Citation899 P.2d 663,321 Or. 285
Parties, 64 USLW 2115 STATE of Oregon, Respondent on Review, v. Albert R. O'KEY, Petitioner on Review. CC TM90-5122; CA A70279; SC S40926.
Decision Date07 July 1995
CourtSupreme Court of Oregon

[321 Or. 286-F] John Henry Hingson III, Oregon City, argued the cause on behalf of petitioner on review. On the petition were Stephen A. Lovejoy, Lincoln City, and Jenny Cooke, Portland.

Jonathan Fussner, Asst. Atty. Gen., Salem, argued the cause on behalf of respondent on review. With him on the response to the petition were Theodore R. Kulongoski, [321 Or. 286-G] Atty. Gen., and Virginia Linder, Sol. Gen., Salem.

David K. Allen, Salem, and Chris J. Shine, Portland, filed a brief on behalf of amicus curiae Oregon Crim. Defense Lawyers, Inc.

UNIS, Justice.

This case concerns the admissibility of Horizontal Gaze Nystagmus (HGN) test evidence in a prosecution for driving under the influence of intoxicants (DUII), ORS 813.010.


On July 8, 1990, at about 12:30 a.m., Oregon State Trooper Gregory saw defendant leaving a social event held at the Philomath rodeo grounds. Trooper Gregory noticed that defendant was having trouble walking. After he watched defendant drive away in a pickup truck, make wide turns, and fail to react promptly to a green traffic light, Trooper Gregory stopped defendant. Trooper Gregory smelled alcohol and saw a number of empty beer cans in the back of the pickup truck. Defendant had trouble removing his driver's license from his wallet and could not find his vehicle registration. Defendant admitted to having consumed about four to six beers between 3 p.m. and midnight.

Trooper Gregory asked defendant to perform a series of field sobriety tests. 1 The tests administered to defendant included the one-leg stand test, the walk-and-turn test, the finger count test, the Romberg balance test, the finger-to-nose test, and the HGN test. 2 Trooper Gregory administered the HGN test to defendant in accordance with OAR 257-25-020(1)(a) (March 1990), quoted infra, 321 Or. at 294-95, 899 P.2d at 673-74.

The HGN test, as discussed more fully below, involves the measurement of the angle of onset of nystagmus, or jerky movement, as the eye tracks a steadily moving object, such as a finger, pencil, or pen-size flashlight.
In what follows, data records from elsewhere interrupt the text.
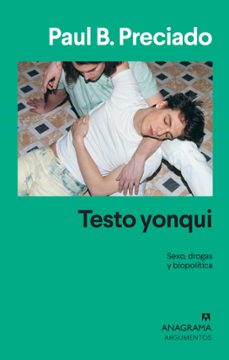 testo yonqui: sexo, drogas y biopolitica-9788433964533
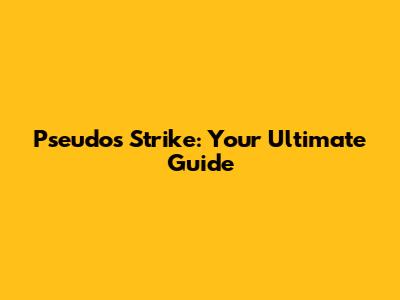 Pseudos Strike: Your Ultimate Guide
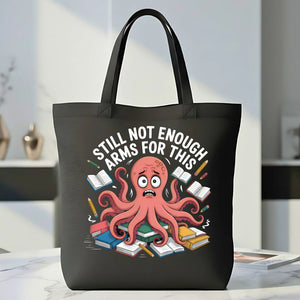 Not Enough Octopus" Surrealist & Absurd Humor Tote Bag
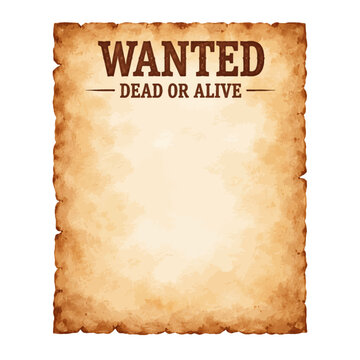 Watercolor wanted dead or alive poster template illustration, vintage western parchment with copy space isolated on white background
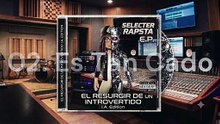 El Resurgir De Un Introvertido I.A. Edition DonnaXSelecter Rapsta
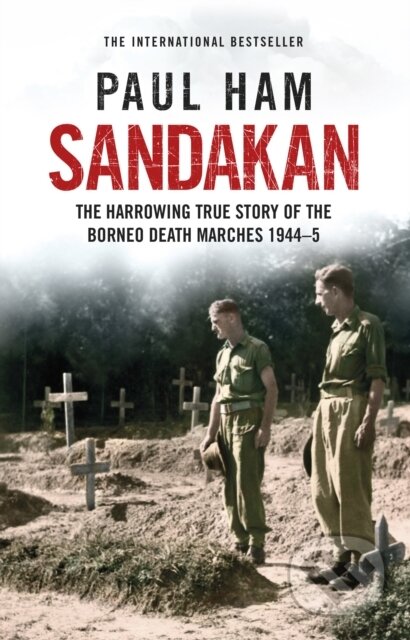 Kniha: Sandakan (Paul Ham). Black Swan, 2020 Kniha: Sandakan (Paul Ham). Black Swan, 2020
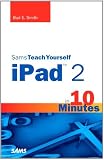 Sams Teach Yourself iPad 2 in 10 Minutes, 2/e (Sams Teach Yourself -- Minutes)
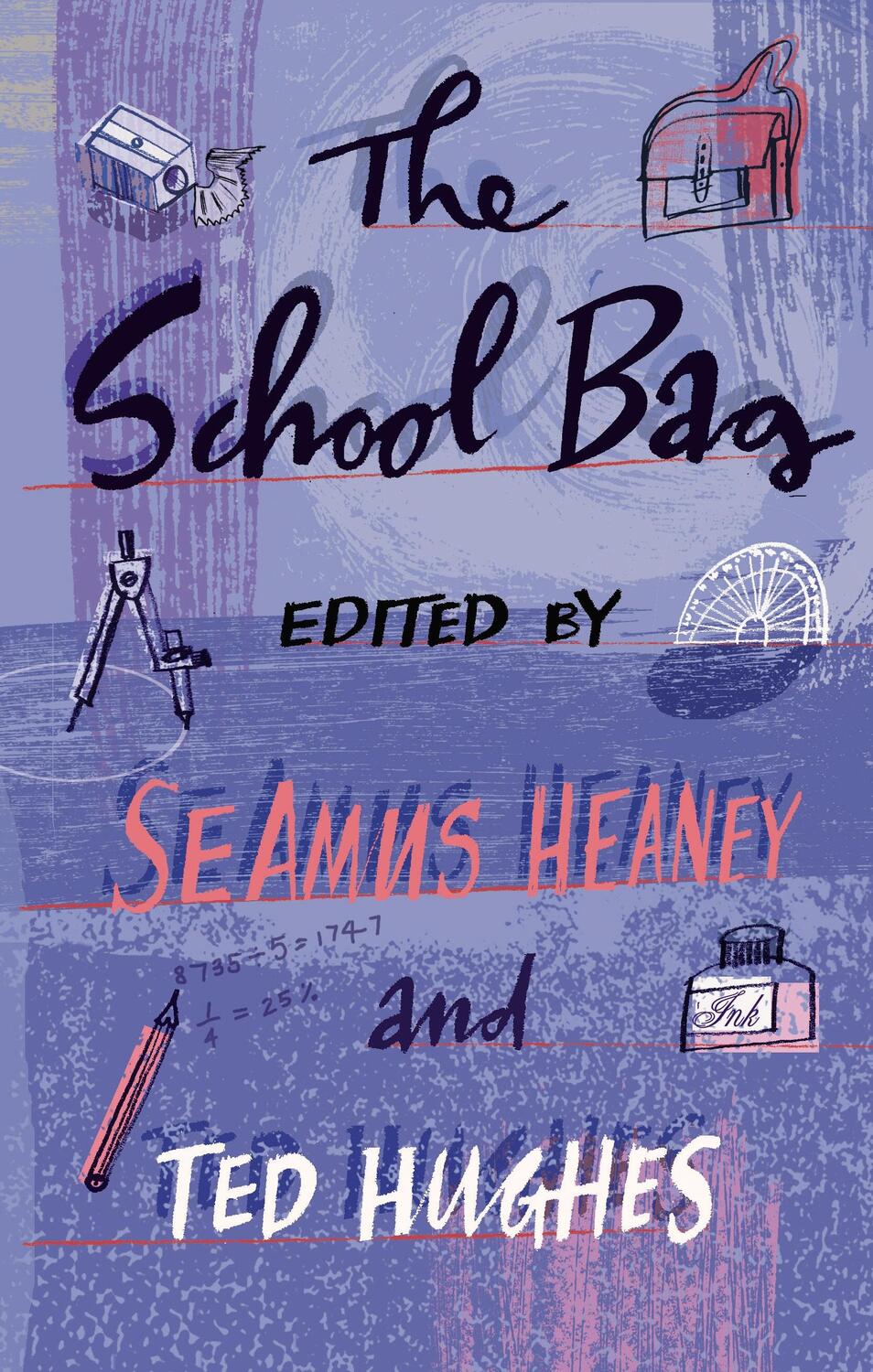 Cover: 9780571225842 | The School Bag | Seamus Heaney | Taschenbuch | Englisch | 2005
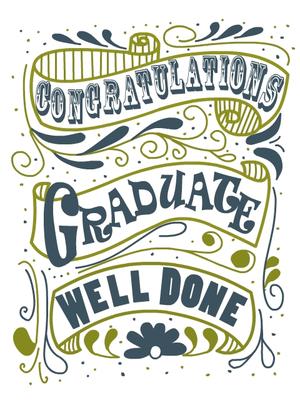 Congratulations Graduate Well Done
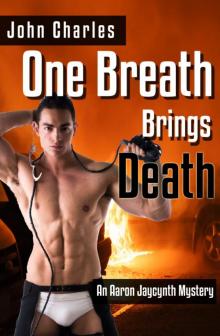 One Breath Brings Death (An Aaron Jaycynth Mystery--Book 2)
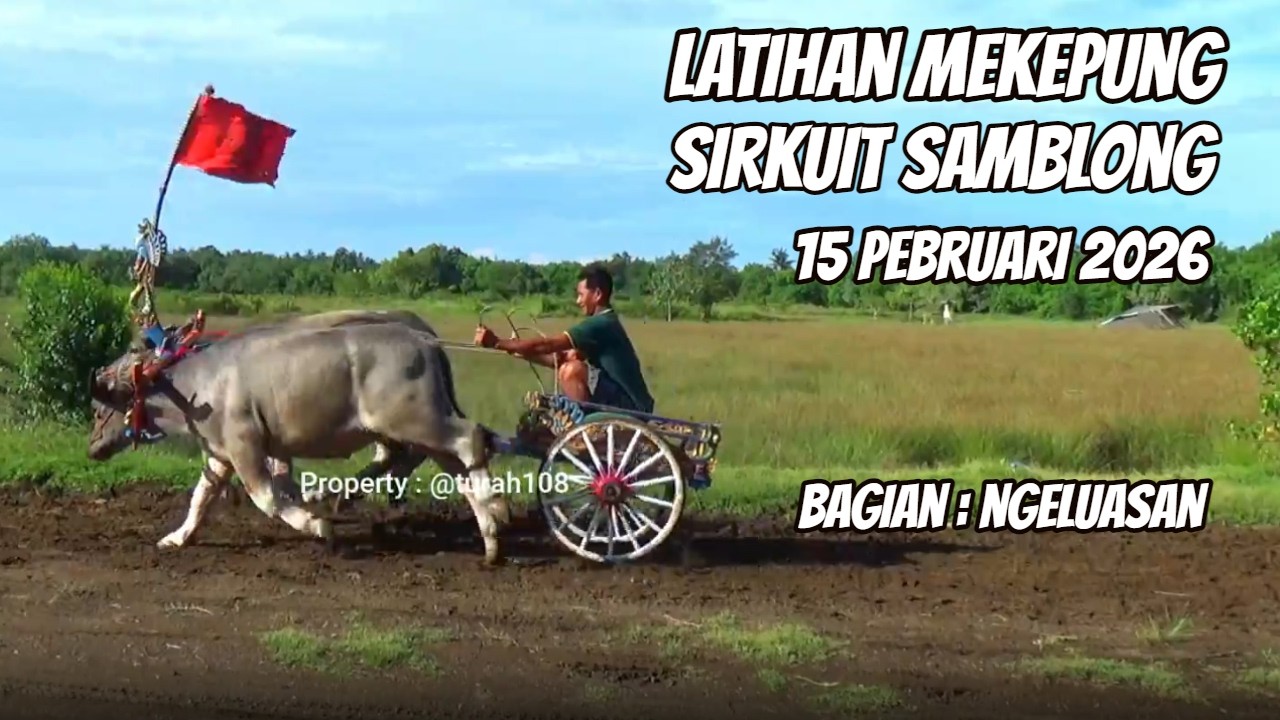 Bagian : Ngeluasan .. Latihan Mekepung di Sirkuit Samblong, 15 Pebruari 2026.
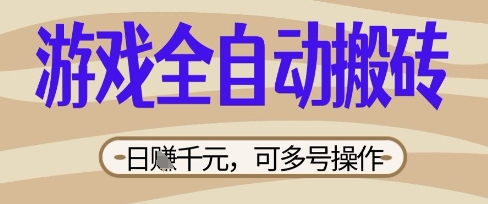 游戏全自动搬砖项目，日入数张，简单无脑有手就行，可矩阵多号操作【揭秘】-小目标轻创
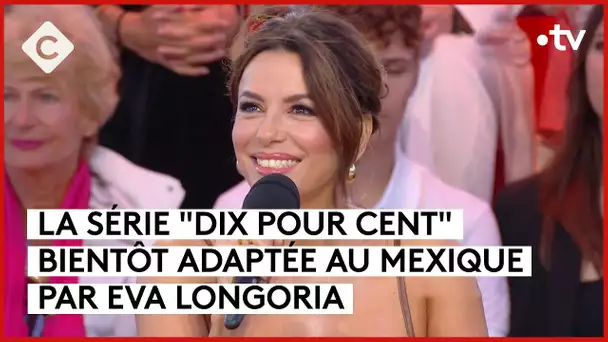 Eva Longoria : icône engagée - C à Vous - 17/05/2024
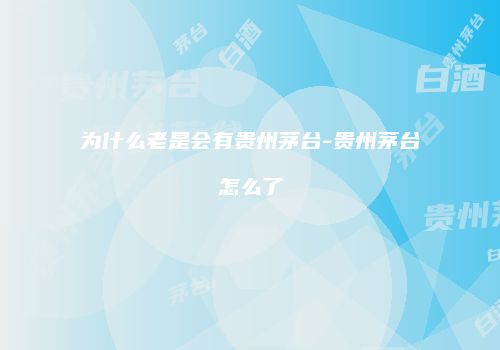 为什么老是会有贵州茅台-贵州茅台怎么了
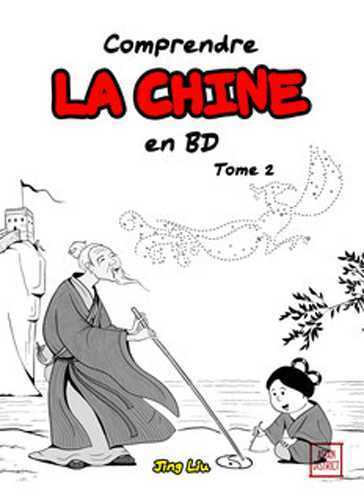 [9791092066357] Comprendre la Chine en BD T02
Trooper Gregory testified that defendant's eyes displayed jerky pursuit, endpoint nystagmus, and nystagmus at 40 degrees in both eyes. [321 Or. 288] Trooper Gregory also testified that defendant had trouble performing several of the other field sobriety tests. Based on the results of the field sobriety tests administered, Trooper Gregory arrested defendant for DUII. After the arrest, defendant refused, when requested, to submit to a chemical test of his breath for the purpose of determining his blood alcohol content (BAC).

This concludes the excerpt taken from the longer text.